Publication : USDA ARS

ARS Home » Research » Publications at this Location » Publication #131510

Title: DATA MINING FOR SIMPLE SEQUENCE REPEATS IN EXPRESSED SEQUENCE TAGS FROM BARLEY, MAIZE, SORGHUM AND WHEAT

Author

	KANTETY, RAMESH
	LAROTA, MAURICIO
	Matthews, David
	SORRELLS, MARK

Submitted to: Plant Molecular Biology
Publication Type: Peer Reviewed Journal
Publication Acceptance Date: 9/5/2002
Publication Date: 3/1/2002
Citation: N/A

Interpretive Summary: Publicly available sequences derived from genes of barley, maize, rice, sorghum and wheat were searched to identify SSR (simple sequence repeat) regions. Sequences containing these regions were identified to allow creating molecular markers that should be both highly polymorphic within a species and cross-homologous among these important grass genera.

Technical Abstract: Plant genomics projects involving model species and many agriculturally important crops are resulting in a rapidly increasing database of genomic and expressed sequences. The publicly available collection of expressed sequence tags (ESTs) from several grass species can be used in the analysis of both structural and functional relationships in these genomes. We analyzed over 260,000 EST sequences from five different cereals for their potential use in developing simple sequence repeat (SSR) markers. The frequency of SSR-containing ESTs (SSR-ESTs) in this collection varied from 1.5% for maize to 4.7% for rice.

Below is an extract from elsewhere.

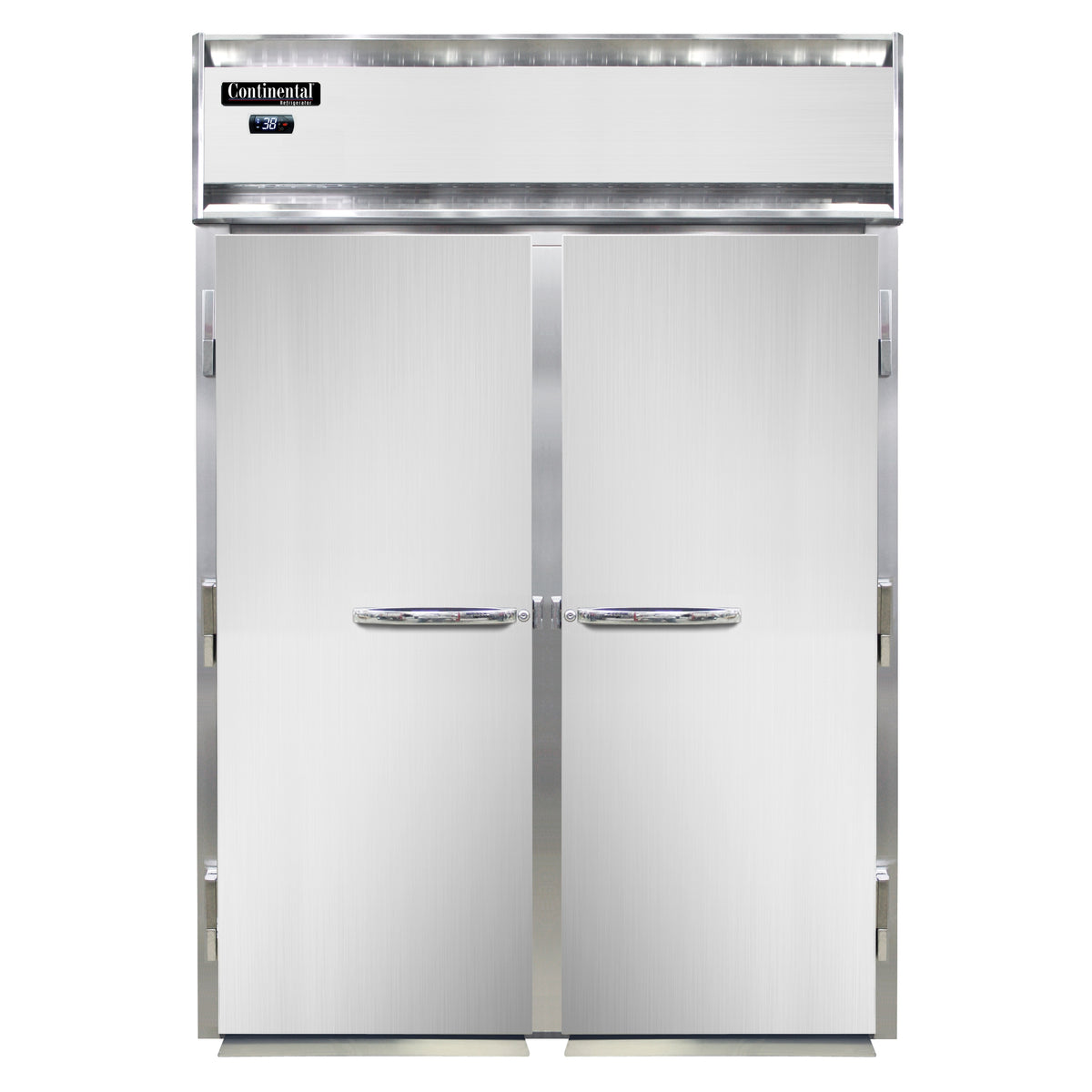 Continental Refrigerator D2RIN-E 68.5-Inch Roll-In Refrigerator — 2 Doors, Stainless Steel Front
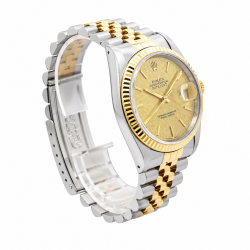 Rolex Datejust 36MM 16233 Linen Dial Two-Tone Watch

In addition, we identified several ESTs that are related to the SSR-ESTs by BLAST analysis. We found that about 10% of the EST sequences belong to different parts of the mRNA transcripts that contain SSR motifs. The SSR-ESTs were clustered within each species in order to reduce the redundancy and to produce a longer consensus sequence. The consensi and singleton sequences from each species were pooled and clustered dto identify cross-species matches. Overall a reduction in the redundancy by 84% was observed when the resulting consensi and singleton sequences (3.569) wre compared to the total number of EST sequences analyzed (24,606). This information can be useful for the development of SSR markers that can amplify across the grass genera for comparative mapping and genetics.